Femminismo e capitalismo hanno distrutto la famiglia patriarcale ( anche perché le donne sono entrate come “esercito di riserva” nel mercato del lavoro). I giovani maschi non ne vogliono più sapere di fare la guerra e di esercitare il potere, tanto è vero che anche la politica sta per “femminilizzarsi”. Solo i santuari della finanza – ultimo bastione di un potere “vero” – restano rigorosamente maschili.
Anche lo “scontro di civiltà”, in ultima analisi, per Zemmour si riduce alla rivendicazione e manifestazione aggressiva della virilità ancora contemplata dall’Islam contro la società svirilizzata e minacciosa dell’Occidente. Nello stesso Occidente è venuta dagli Usa di Bush una “vigorosa reazione maschilista”. Il presidente “con i suoi stivali da texano e i “neoconservatori” vengono da Marte, non da Venere”.

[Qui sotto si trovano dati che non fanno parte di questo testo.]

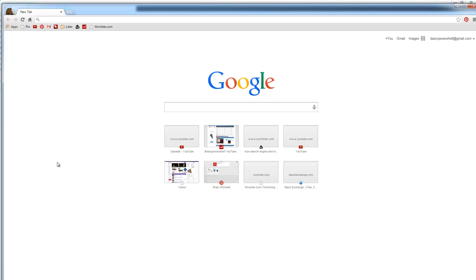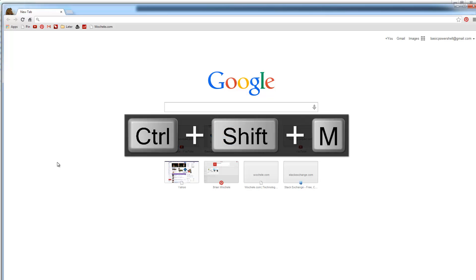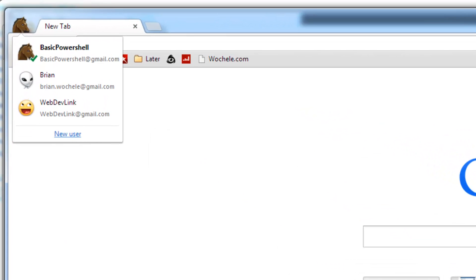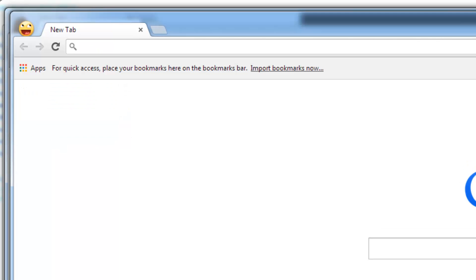In Google Chrome, you want to switch users but you don't want to use your mouse. There's a keyboard shortcut for that — it's Control+Shift+M. That will open up the window to switch your user. Arrow down to the user you want and it will switch right up.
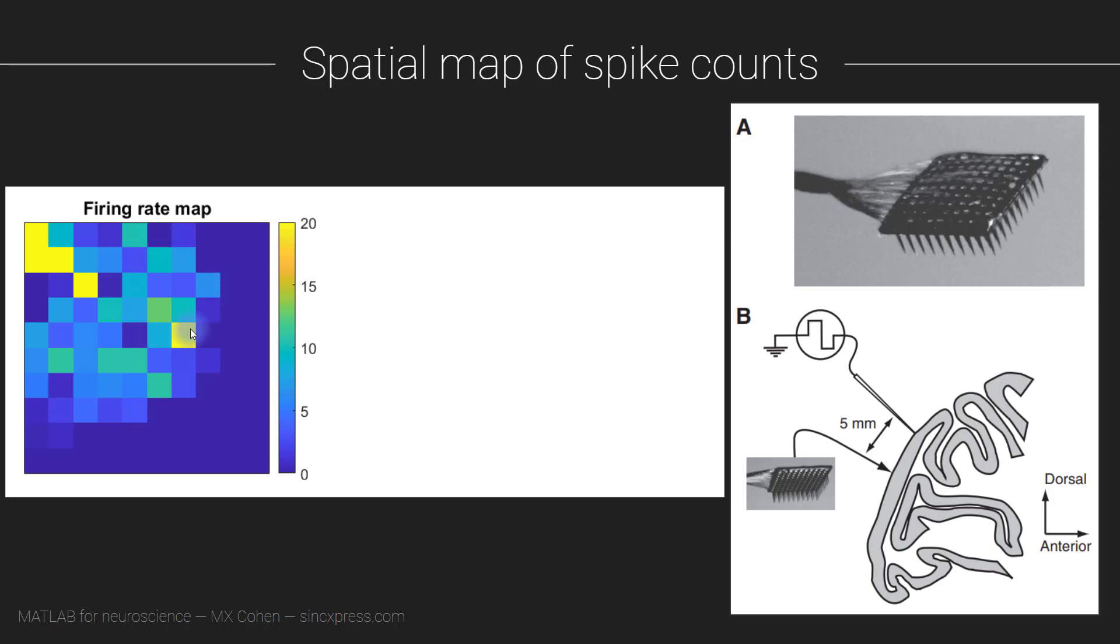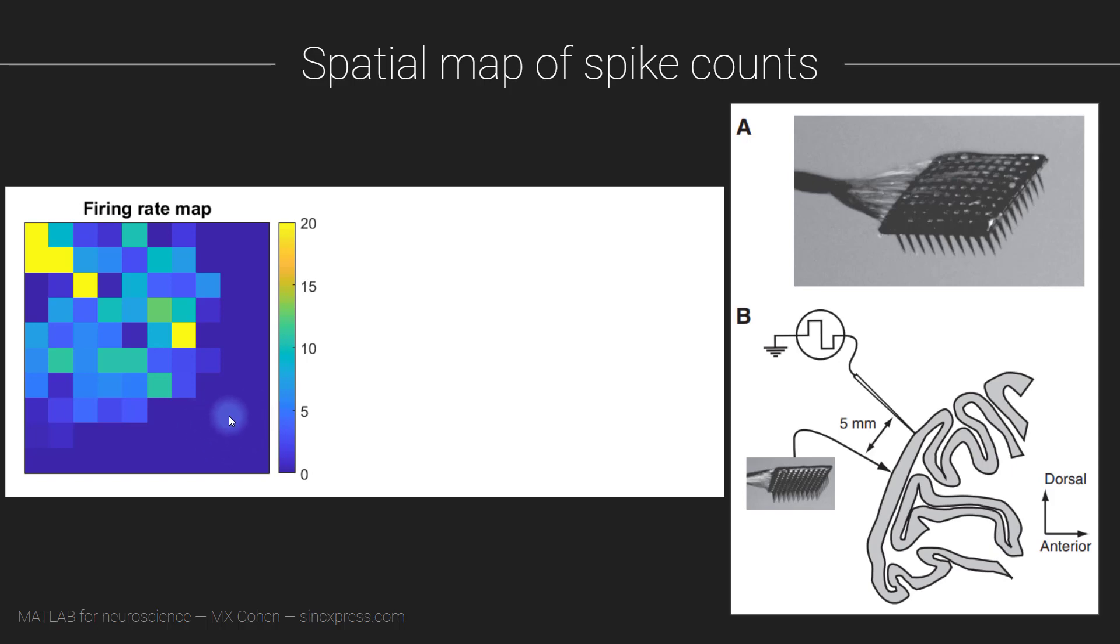The interpretation of this map is that the neurons around here up in this corner are relatively more active. And the neurons down here, well, these neurons are either inactive, or there just weren't any neurons that were actually recorded at these electrodes. Now that's a possibility that we will disambiguate in the next video. Nonetheless, you can see that this is a really informative way of understanding the characteristics of the overall data set.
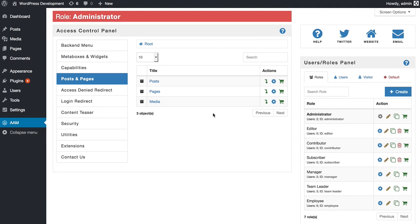Advanced Access Manager, also known as AAM, is a WordPress plugin with all necessary set of tools to manage access to your website front-end and back-end. It is available for free download from the official WordPress repository.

Zemmour si augura che questa reazione virile vinca anche in Europa (magari non per mano degli islamici…), ma ci crede poco. Non solo per la resistenza prevedibile da parte delle donne. Questa non sarebbe fortissima perché “le loro difficoltà di reggenti di una società senza re sono troppo grandi; la femminizzazione dell’uomo provoca immenso smarrimento, una frustrazione insopportabile per lei e una disgrazia intollerabile per i figli”. Ma assai più grande sarà la resistenza proprio da parte dell’uomo “ ben felice di essersi finalmente sbarazzato dal fardello che aveva tra le gambe. Anche se la sottomissione, l’umiliazione, la disgrazia sono il suo destino”.
Alla fine della lettura restano due impressioni: che la visione del femminismo come di una potente e vincente utopia livellatrice della differenza sessuale debba essere meditata. Così come l’immagine di uomini prigionieri di una sorta di abulica insignificanza e incapacità di assumersi le proprie responsabilità. Oppure preda di sentimenti violenti che li fanno molto assomigliare a quel “perdente radicale” di cui parla Enzensberger (il quale non per caso scrive che questa figura sociale “di solito” è un maschio).
Il che non vuol dire che per ridarci un tono dobbiamo indossare gli stivali di Bush o il turbante di Osama.